*YOUR TASK*: The required output is a number: how many lines of the data below include the string "Italy".
===== RECORDS SHOWN
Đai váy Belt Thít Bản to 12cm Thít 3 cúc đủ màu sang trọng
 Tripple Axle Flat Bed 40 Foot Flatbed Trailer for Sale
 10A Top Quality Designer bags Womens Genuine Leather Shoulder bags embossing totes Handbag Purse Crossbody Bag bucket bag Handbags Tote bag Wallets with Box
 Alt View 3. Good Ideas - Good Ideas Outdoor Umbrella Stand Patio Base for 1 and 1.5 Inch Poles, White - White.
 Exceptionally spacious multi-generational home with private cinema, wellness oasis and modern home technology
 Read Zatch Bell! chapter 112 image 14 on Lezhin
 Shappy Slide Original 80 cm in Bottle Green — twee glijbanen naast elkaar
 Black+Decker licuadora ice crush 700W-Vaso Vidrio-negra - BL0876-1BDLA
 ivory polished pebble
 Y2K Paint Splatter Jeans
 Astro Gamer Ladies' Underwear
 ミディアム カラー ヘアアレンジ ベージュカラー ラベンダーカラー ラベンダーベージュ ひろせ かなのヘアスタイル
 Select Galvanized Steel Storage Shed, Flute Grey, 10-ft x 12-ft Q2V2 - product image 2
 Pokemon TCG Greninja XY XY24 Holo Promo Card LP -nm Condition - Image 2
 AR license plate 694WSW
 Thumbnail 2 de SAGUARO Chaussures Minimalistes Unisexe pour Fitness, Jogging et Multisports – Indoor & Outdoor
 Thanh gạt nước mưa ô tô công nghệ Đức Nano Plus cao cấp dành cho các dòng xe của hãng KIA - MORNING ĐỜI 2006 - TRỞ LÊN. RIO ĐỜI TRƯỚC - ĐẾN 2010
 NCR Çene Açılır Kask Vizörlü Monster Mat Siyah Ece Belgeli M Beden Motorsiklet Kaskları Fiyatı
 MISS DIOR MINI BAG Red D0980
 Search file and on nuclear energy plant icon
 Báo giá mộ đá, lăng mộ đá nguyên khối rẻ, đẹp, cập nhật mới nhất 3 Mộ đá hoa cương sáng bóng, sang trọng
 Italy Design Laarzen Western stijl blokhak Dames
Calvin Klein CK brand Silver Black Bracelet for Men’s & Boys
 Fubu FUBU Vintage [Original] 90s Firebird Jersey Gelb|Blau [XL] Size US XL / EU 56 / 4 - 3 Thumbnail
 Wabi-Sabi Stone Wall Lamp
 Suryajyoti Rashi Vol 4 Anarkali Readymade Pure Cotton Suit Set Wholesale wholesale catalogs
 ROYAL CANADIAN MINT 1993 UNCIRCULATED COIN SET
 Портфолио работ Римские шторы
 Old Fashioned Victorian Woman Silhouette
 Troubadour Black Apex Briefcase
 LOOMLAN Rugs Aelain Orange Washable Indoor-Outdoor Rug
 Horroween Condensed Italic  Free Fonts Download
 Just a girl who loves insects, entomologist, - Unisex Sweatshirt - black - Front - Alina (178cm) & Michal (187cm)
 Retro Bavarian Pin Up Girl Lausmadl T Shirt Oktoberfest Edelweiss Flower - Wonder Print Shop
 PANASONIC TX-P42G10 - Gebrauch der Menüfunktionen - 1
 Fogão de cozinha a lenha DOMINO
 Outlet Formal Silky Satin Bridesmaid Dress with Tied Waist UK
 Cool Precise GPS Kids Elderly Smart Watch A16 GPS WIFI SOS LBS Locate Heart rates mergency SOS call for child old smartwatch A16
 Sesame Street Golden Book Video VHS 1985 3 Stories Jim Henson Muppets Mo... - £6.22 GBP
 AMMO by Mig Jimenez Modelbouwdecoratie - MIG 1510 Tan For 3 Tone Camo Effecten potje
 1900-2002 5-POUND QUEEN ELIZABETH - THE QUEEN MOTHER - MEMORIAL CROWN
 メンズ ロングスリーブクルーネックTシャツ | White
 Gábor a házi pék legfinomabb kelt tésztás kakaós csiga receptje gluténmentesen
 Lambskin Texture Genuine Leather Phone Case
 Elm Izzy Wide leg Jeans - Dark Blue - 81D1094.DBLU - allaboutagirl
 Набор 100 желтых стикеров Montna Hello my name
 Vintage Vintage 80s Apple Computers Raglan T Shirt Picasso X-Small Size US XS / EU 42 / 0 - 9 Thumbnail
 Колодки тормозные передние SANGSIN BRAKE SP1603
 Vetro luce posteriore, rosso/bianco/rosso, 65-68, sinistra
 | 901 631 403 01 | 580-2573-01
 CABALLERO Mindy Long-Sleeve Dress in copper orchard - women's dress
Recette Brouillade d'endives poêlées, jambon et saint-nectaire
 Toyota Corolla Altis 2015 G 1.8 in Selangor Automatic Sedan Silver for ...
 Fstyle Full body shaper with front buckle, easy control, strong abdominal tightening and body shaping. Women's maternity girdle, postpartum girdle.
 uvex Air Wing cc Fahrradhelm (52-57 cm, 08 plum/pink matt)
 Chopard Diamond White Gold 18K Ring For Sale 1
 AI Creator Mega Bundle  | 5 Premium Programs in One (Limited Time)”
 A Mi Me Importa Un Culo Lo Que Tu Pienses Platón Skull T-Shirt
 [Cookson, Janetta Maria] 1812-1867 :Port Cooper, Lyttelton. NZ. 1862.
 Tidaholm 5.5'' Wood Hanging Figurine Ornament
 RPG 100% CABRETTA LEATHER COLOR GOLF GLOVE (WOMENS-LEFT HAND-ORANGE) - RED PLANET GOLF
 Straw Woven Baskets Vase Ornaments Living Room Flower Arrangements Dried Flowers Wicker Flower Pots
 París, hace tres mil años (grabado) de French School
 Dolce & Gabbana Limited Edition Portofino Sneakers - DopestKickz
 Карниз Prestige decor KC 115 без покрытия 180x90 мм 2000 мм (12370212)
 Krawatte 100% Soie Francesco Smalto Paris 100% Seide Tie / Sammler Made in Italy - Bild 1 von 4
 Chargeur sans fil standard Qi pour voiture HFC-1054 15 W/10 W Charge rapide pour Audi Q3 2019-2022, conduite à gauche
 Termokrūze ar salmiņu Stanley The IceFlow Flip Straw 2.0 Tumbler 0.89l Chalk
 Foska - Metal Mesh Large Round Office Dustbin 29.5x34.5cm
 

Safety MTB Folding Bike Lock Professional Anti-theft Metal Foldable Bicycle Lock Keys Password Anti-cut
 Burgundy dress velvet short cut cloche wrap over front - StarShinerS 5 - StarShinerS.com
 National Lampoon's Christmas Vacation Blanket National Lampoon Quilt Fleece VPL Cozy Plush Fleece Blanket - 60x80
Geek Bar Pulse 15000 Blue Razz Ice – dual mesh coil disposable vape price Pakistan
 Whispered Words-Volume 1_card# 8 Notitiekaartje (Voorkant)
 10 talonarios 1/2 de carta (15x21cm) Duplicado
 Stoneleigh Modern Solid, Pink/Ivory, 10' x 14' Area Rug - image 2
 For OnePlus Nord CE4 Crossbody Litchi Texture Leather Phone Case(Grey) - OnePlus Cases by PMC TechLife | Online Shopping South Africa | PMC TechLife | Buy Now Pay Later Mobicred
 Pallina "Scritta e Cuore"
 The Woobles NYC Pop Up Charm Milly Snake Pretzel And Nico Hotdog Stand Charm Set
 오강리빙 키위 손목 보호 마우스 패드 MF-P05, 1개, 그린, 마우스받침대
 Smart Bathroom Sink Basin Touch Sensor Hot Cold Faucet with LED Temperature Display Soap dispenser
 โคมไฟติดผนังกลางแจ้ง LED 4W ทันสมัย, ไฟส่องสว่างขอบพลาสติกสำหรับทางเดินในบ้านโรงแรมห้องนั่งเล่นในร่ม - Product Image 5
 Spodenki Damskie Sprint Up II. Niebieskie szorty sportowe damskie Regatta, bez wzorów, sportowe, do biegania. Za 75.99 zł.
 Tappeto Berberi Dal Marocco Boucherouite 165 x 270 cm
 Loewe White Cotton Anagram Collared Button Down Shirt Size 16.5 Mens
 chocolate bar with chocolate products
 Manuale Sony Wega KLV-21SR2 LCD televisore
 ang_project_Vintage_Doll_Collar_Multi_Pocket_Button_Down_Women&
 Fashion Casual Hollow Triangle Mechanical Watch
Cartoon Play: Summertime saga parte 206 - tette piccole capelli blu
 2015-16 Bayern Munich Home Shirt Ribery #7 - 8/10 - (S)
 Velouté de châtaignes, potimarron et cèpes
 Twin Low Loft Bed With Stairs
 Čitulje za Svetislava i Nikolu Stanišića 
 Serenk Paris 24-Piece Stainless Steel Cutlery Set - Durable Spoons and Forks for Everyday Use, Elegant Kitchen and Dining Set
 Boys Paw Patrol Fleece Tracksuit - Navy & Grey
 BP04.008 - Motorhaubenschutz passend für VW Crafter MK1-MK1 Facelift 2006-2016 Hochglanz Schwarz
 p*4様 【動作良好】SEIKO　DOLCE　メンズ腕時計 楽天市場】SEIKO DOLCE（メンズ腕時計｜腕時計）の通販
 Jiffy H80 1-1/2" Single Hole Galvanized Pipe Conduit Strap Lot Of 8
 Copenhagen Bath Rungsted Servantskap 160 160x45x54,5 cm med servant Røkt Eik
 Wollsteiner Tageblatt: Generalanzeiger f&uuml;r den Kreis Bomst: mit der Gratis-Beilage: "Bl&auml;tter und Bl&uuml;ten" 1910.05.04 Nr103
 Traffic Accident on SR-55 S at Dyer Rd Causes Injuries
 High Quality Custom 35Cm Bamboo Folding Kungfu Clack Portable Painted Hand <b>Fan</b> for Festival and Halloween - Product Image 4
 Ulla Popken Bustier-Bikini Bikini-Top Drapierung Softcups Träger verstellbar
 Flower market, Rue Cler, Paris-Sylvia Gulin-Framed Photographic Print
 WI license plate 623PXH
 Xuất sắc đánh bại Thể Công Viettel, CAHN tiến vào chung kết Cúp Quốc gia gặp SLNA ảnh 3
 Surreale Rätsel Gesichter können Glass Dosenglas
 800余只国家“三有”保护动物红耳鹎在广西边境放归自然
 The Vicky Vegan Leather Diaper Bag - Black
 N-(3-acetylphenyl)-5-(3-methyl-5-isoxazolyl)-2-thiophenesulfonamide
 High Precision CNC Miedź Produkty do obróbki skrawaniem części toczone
==========
*COMPLETED TASK*: 2